Entry of land into the CIPT system

Land will enter the CIPT system (becoming ‘CIPT taxable land’) where:

  • a contract of sale is entered into in respect of the land on or after 1 July 2024;
  • the transaction is for a 50% or greater interest in the land;
  • the transaction would attract a duty liability; and
  • the property has a qualifying industrial or commercial use at the date of settlement.

As outlined in further detail below, land may also become CIPT taxable land as a result of:

  • a number of smaller acquisitions which, in aggregate, amount to a 50% or greater interest in the land; or
  • an acquisition of an interest in a landholder which results in an indirect acquisition of a 50% or greater interest in the land.

Consolidations and subdivisions of land may also have CIPT implications.

Upon entry into the CIPT system, CIPT taxable land will be subject to a 10 year transitional period, during which CIPT will not apply. After the transitional period, the owner of the land will be required to pay CIPT annually at a flat rate of 1% (or 0.5% for land containing an eligible build-to-rent (BTR) development) of the unimproved value of the land (i.e. the same value that is used in the assessment of land tax). As with land tax, CIPT liability will be determined at 31 December each year.

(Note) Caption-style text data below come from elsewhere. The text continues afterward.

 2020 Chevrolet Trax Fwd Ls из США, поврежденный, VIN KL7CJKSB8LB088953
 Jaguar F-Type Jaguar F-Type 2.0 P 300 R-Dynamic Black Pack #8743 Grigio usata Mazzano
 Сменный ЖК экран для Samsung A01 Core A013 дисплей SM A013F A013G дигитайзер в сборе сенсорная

Subject to the ‘further interests’ provisions outlined below, and provided the qualifying industrial or commercial use is maintained, once land enters the CIPT system, subsequent transactions in respect of that land will not be subject to duty.

For clarity:

  • the transaction that brings land into the CIPT system will still be subject to duty (though as outlined below, the acquirer may be able to pay this liability over the course of the transitional period, facilitated through a loan from the Victorian Government); and
  • the existing land tax regime will still apply to CIPT taxable land.

Aggregated transactions

Separate dutiable transactions over land which together amount to an interest of 50% or more will be aggregated for the purpose of bringing that land into the CIPT system where:

  • those dutiable transactions are aggregated under section 24 of the Duties Act 2000 (Vic) (Duties Act). This captures certain dutiable transactions occurring within 12 months which together form evidence, give effect to or arise from what is substantially one arrangement relating to all of the transacted interests in the land; or
  • the dutiable transactions occur within a three year period and either:
    • the transferee under each dutiable transaction is the same person; or
    • the transferees under the dutiable transactions are associated persons.

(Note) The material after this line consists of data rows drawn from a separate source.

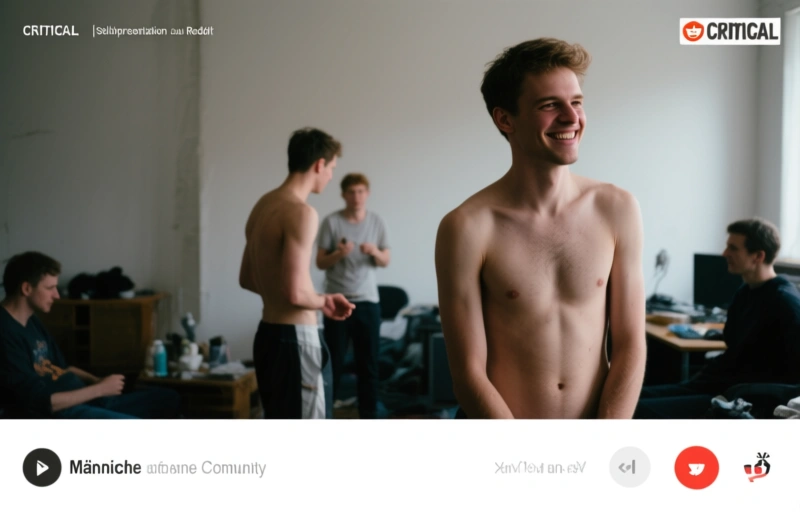 Männliche Selbstpräsentation auf Reddit: Ein Blick auf die Community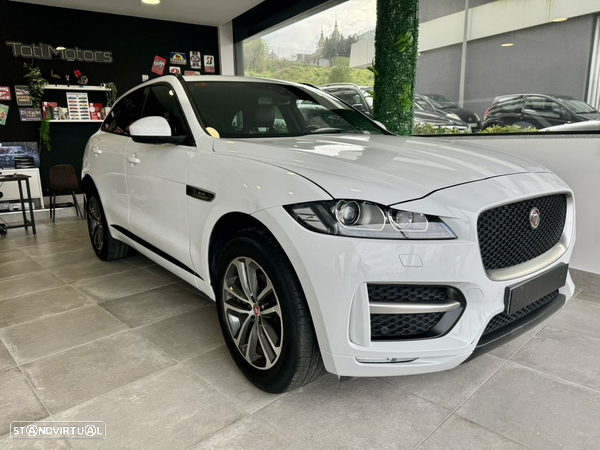 Jaguar F-Pace 20d Aut. R-Sport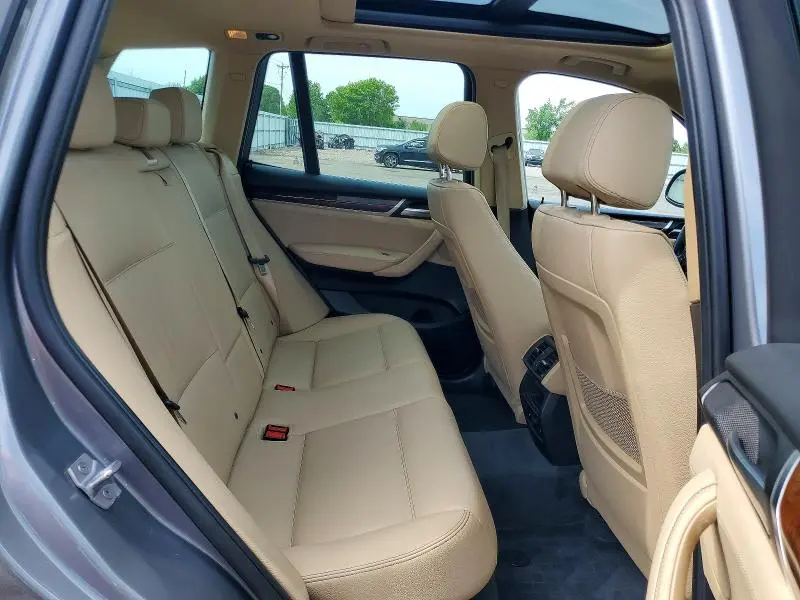 2017 BMW X3 XDRIVE28I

The Commissioner will have the power to disaggregate acquisitions by associated persons captured under the three year rule, provided that:

  • the Commissioner is satisfied that the relevant interests in the land:
    • were acquired, and will be used, independently; and
    • were not acquired, and will not be used, for a common purpose; and
  • the transferees are not associated persons because they are related bodies corporate under the Corporations Act 2001 (Cth).

Landholders

An acquisition of an interest in a landholder may also result in land becoming CIPT taxable land, provided that, applying the relevant provisions of the Duties Act:

  • the transaction constitutes a relevant acquisition in the landholder;
  • the landholder holds a freehold interest in land; and
  • the relevant acquisition is not:
    • exempt from duty; or
    • eligable for a corporate consolidation or reconstruction concession.

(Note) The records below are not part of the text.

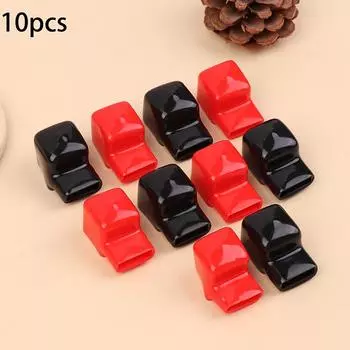 5 пар Гибкая изоляционная крышка шины Защита клемм изоляцией ПВХ для ячеек 230 Ач 280 Ач Изоляция 5 Pairs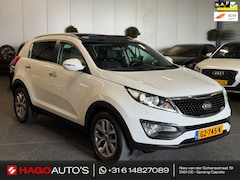 Kia Sportage - 1.6 GDI X-treme ExecutiveLine 1E-EIG/NAVI/PANO/LEDER/KEYLESS/PDC/CAMERA/STOEL+STUURVERW/NA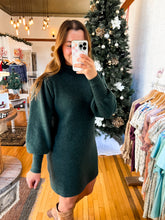 Load image into Gallery viewer, Hunter Knit Sweater Dress
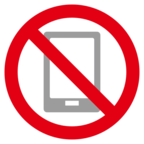 No Mobile Phones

A transaction which meets these requirements is referred to as a ‘qualifying landholder transaction’. Where a qualifying landholder transaction results in an indirect acquisition of a 50% or greater interest in land (determined by multiplying the interest acquired in the landholder, and the interest that the landholder holds in that land), the land in question will become CIPT taxable land.

A qualifying landholder transaction may result in multiple items of land becoming CIPT taxable land.

Separate acquisitions of interests in landholders may be aggregated in a manner that is effectively equivalent to that described above in respect of dutiable transactions over land. We note that outside of the anti-avoidance provisions outlined below, there is no mechanism for aggregating dutiable transactions over land with acquisitions of interests in landholders.

CIPT taxable land will continue to count towards the $1 million landholder threshold, though will not (subject to the ‘further interest’ provisions outlined below) be included in the assessment of landholder duty.

Qualifying commercial or industrial use

Land will have a qualifying commercial or industrial use if:

  • the land has been allocated an Australian Valuation Property Classification Code (AVPCC) in the ranges:
    • 200-299 (commercial classification);
    • 300-399 (industrial classification);
    • 400-499 (extractive industries classification); or
    • 600-699 (infrastructure and utilities classification);
  • the land that has been allocated to more than one AVPCC, not all of which fall within the above ranges, provided that the land is used solely or primarily for a use described in the above ranges; or
  • the land is used solely or primarily as ‘eligible student accommodation’, defined as including residential premises that are:
    • designed for students of higher education providers (having the same meaning as under section 16-1 of the Higher Education Support Act 2003 (Cth)) to occupy;
    • occupied or available for occupation by students of a higher education provider; and
    • commercial residential premises (having the same meaning as under section 195-1 of the A New Tax System (Goods and Services Tax) Act 1999 (Cth)).

Accommodation provided in connection with a higher education provider, such as accommodation owned and operated by a university, does not constitute ‘commercial residential premises’, and therefore cannot be eligible student accommodation.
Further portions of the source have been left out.